* **DATA SEGMENT**
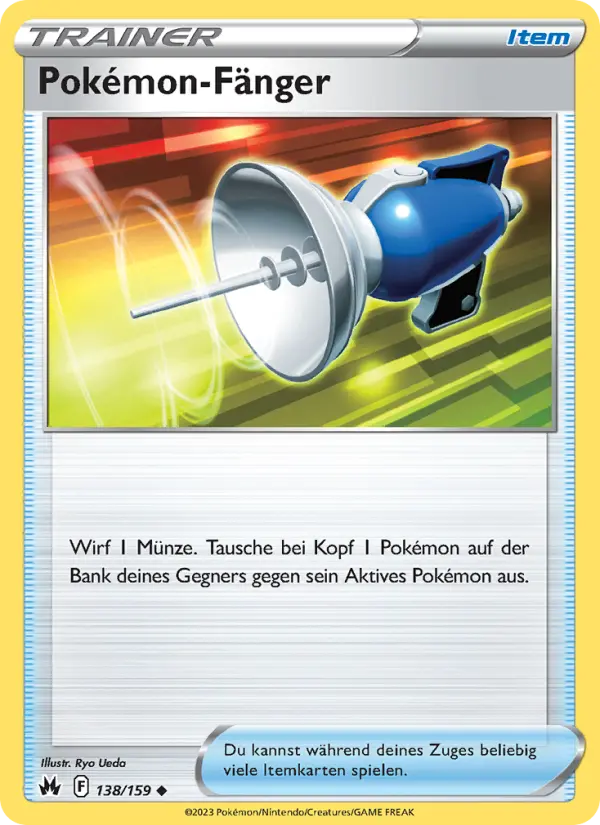 Pokémon-Fänger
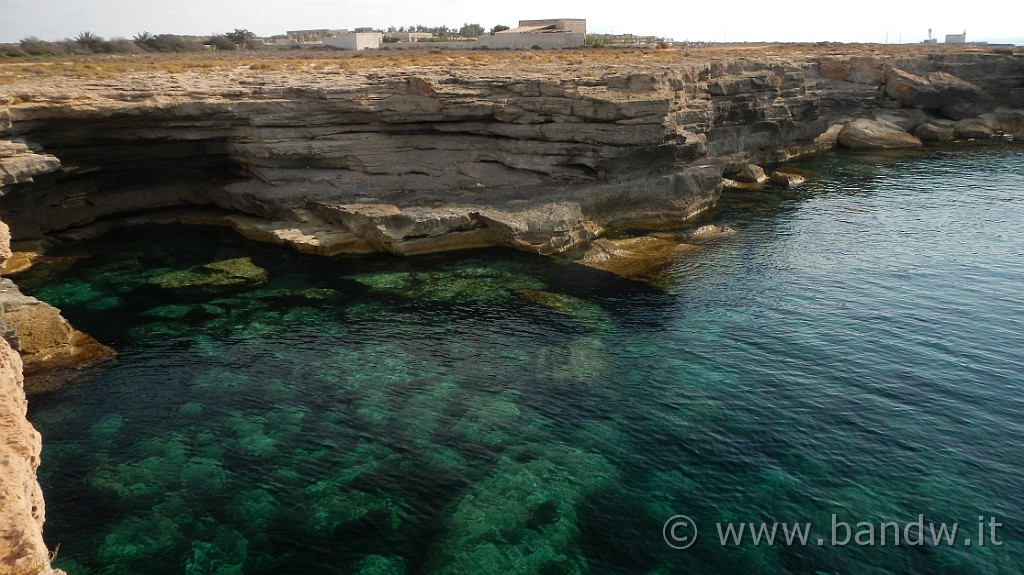 DSCN9389.JPG - La costa di Punta Fanfalo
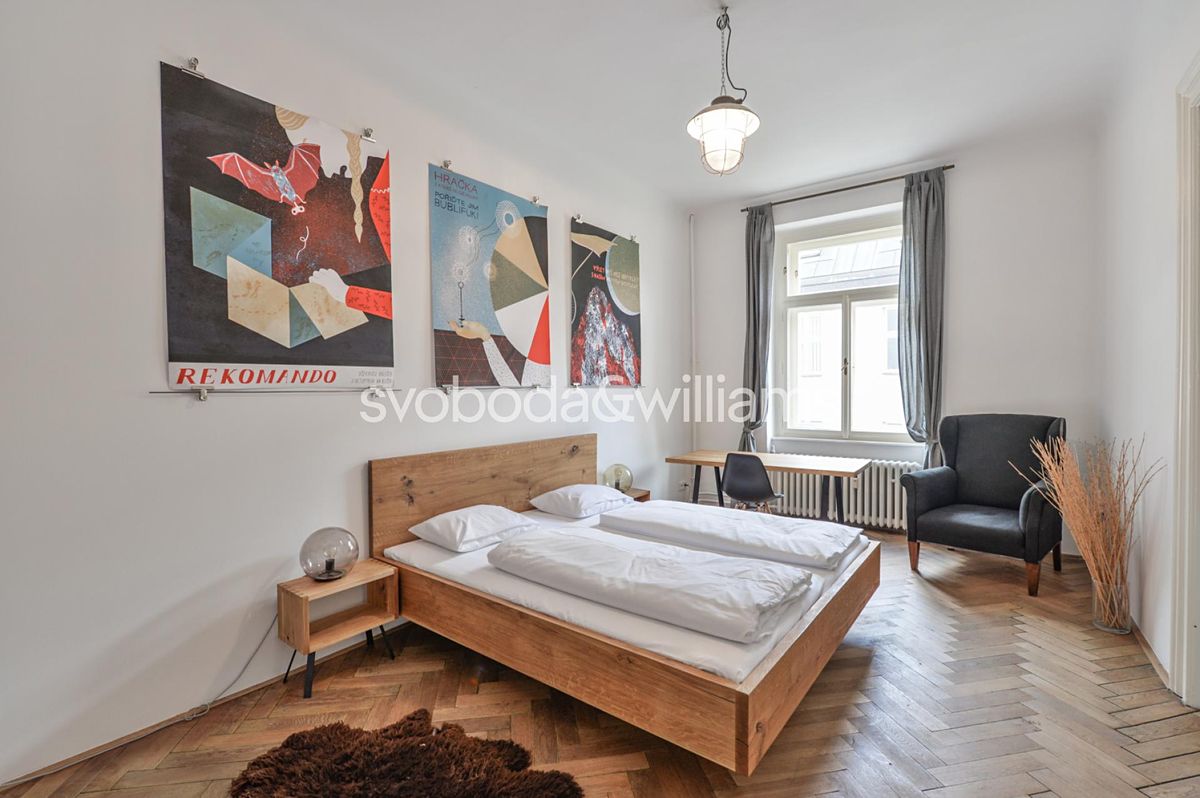 Pronájem bytu 3+kk 96 m² – fotografie 2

* **WHAT YOU WILL DO**
Full transcription of the material, exact in every line, without images.

* **SOLVED PROBLEM**
 Pokémon-Fänger
 DSCN9389.JPG - La costa di Punta Fanfalo
 Pronájem bytu 3+kk 96 m² – fotografie 2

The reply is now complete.